Task directions: Take the data below and extract the lines from the one with "السلام عليكم من" to the one with "Archiv Foto Webcam", inclusive, exactly as written.

Data for analysis:
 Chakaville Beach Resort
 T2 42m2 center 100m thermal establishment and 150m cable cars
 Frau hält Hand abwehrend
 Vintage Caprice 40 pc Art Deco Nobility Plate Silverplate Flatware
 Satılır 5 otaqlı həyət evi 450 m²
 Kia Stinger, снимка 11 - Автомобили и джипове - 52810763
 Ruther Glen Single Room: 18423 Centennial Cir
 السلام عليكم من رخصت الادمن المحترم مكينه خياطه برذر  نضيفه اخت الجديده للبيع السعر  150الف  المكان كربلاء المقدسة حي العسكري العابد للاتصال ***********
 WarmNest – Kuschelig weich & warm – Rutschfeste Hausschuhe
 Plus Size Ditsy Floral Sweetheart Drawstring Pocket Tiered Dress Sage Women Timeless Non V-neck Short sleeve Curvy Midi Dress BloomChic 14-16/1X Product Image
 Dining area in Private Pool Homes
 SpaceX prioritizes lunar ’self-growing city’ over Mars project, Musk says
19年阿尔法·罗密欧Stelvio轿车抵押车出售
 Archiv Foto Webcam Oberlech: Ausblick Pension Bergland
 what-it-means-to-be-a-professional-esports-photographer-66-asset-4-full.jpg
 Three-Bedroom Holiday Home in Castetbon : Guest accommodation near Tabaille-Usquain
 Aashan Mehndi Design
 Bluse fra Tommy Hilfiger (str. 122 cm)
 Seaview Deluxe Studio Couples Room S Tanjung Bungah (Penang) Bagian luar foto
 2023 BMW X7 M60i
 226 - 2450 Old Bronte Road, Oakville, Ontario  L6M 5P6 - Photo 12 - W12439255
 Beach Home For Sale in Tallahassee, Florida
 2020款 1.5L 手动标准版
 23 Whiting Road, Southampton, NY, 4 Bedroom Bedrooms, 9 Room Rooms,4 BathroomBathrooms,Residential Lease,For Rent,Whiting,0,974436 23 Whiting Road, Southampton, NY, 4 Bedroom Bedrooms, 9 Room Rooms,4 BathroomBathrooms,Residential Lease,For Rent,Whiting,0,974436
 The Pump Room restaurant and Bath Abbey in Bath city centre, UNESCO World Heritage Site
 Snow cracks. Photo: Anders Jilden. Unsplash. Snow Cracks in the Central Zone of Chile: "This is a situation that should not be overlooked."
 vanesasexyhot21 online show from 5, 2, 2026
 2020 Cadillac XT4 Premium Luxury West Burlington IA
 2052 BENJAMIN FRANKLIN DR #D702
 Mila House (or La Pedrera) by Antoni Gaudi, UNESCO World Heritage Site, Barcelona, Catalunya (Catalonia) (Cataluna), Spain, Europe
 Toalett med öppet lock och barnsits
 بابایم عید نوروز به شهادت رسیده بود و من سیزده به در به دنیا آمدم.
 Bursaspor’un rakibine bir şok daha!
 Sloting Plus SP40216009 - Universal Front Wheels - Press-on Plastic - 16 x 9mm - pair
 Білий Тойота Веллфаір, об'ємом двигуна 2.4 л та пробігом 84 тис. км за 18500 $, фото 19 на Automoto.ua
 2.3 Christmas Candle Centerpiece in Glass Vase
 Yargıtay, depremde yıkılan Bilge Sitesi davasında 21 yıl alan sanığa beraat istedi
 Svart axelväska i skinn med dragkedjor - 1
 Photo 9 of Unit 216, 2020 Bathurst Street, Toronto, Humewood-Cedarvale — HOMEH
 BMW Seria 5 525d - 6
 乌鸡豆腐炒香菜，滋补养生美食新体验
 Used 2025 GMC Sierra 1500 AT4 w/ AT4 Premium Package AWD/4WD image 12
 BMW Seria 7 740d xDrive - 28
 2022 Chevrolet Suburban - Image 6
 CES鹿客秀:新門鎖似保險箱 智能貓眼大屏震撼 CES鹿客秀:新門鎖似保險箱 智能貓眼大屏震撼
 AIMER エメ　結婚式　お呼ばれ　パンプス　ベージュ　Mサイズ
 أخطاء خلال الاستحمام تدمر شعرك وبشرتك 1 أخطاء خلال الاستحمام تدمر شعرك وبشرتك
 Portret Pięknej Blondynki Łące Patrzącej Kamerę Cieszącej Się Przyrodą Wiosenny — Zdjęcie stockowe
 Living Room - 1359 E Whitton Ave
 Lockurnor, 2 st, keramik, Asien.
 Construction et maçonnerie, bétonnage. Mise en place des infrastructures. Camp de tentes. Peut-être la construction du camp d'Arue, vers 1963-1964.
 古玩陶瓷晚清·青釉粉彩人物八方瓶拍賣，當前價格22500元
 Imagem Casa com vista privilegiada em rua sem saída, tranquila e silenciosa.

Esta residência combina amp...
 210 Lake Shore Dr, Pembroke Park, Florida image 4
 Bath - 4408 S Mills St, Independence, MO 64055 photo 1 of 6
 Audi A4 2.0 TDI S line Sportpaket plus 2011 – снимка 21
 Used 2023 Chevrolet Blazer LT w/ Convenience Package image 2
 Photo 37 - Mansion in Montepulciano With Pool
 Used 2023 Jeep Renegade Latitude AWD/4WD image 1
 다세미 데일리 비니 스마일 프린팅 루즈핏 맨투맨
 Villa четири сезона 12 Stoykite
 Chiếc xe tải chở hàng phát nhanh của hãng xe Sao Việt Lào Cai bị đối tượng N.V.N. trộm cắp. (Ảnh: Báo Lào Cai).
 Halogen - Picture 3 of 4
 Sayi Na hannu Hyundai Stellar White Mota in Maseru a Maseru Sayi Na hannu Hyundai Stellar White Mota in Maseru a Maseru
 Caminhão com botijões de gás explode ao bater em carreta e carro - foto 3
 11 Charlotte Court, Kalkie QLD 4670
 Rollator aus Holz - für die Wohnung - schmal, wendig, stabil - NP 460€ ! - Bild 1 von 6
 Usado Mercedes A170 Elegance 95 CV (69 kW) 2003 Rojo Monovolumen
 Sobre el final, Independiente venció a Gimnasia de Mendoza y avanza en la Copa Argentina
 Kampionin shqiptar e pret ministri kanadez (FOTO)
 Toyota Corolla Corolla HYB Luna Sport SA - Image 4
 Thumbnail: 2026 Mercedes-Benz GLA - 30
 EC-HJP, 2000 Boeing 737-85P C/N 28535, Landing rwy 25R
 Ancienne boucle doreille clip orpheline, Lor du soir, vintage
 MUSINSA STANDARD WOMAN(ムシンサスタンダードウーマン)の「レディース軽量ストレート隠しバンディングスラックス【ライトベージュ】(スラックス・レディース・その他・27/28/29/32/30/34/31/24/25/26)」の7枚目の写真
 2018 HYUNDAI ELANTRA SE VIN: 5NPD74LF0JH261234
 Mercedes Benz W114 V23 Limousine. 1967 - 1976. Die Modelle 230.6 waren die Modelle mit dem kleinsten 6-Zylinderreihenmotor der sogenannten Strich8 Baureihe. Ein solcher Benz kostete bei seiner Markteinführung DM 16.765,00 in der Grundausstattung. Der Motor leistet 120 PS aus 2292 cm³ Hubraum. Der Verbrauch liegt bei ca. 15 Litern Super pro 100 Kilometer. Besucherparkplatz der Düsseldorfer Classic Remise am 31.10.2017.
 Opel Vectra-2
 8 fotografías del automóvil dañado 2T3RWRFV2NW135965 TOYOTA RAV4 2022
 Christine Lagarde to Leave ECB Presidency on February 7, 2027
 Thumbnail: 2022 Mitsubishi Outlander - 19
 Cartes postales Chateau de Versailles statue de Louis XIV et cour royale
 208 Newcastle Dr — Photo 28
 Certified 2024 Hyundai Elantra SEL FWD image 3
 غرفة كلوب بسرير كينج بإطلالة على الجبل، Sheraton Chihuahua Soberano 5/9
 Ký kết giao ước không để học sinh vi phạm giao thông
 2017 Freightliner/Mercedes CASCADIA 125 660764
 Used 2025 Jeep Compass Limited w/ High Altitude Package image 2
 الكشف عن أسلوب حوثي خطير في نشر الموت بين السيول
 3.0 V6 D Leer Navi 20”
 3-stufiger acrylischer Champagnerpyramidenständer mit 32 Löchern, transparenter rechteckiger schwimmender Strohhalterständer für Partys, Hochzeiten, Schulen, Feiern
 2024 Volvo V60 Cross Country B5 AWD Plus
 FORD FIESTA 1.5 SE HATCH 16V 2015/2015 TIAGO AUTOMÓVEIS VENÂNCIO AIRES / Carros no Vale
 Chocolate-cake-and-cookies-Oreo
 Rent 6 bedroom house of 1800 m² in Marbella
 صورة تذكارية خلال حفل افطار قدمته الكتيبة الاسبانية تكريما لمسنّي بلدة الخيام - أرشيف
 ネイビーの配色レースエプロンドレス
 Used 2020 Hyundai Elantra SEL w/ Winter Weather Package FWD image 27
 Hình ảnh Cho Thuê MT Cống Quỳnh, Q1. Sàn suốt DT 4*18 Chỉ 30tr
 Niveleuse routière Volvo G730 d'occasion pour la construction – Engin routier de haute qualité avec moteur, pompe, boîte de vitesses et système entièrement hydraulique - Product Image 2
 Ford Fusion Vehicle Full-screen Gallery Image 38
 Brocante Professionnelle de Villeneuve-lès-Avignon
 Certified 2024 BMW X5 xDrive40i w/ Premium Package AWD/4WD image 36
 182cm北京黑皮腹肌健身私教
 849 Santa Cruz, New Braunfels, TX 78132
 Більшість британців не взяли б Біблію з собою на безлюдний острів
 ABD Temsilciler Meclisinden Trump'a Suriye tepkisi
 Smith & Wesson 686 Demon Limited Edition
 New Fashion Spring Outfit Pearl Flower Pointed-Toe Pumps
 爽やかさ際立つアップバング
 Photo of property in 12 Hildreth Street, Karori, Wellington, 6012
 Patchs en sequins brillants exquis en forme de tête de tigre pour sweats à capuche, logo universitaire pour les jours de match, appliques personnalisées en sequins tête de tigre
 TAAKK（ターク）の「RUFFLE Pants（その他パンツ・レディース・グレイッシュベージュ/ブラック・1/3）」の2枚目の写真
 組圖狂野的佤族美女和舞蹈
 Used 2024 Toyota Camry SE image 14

Written response:
 السلام عليكم من رخصت الادمن المحترم مكينه خياطه برذر  نضيفه اخت الجديده للبيع السعر  150الف  المكان كربلاء المقدسة حي العسكري العابد للاتصال ***********
 WarmNest – Kuschelig weich & warm – Rutschfeste Hausschuhe
 Plus Size Ditsy Floral Sweetheart Drawstring Pocket Tiered Dress Sage Women Timeless Non V-neck Short sleeve Curvy Midi Dress BloomChic 14-16/1X Product Image
 Dining area in Private Pool Homes
 SpaceX prioritizes lunar ’self-growing city’ over Mars project, Musk says
19年阿尔法·罗密欧Stelvio轿车抵押车出售
 Archiv Foto Webcam Oberlech: Ausblick Pension Bergland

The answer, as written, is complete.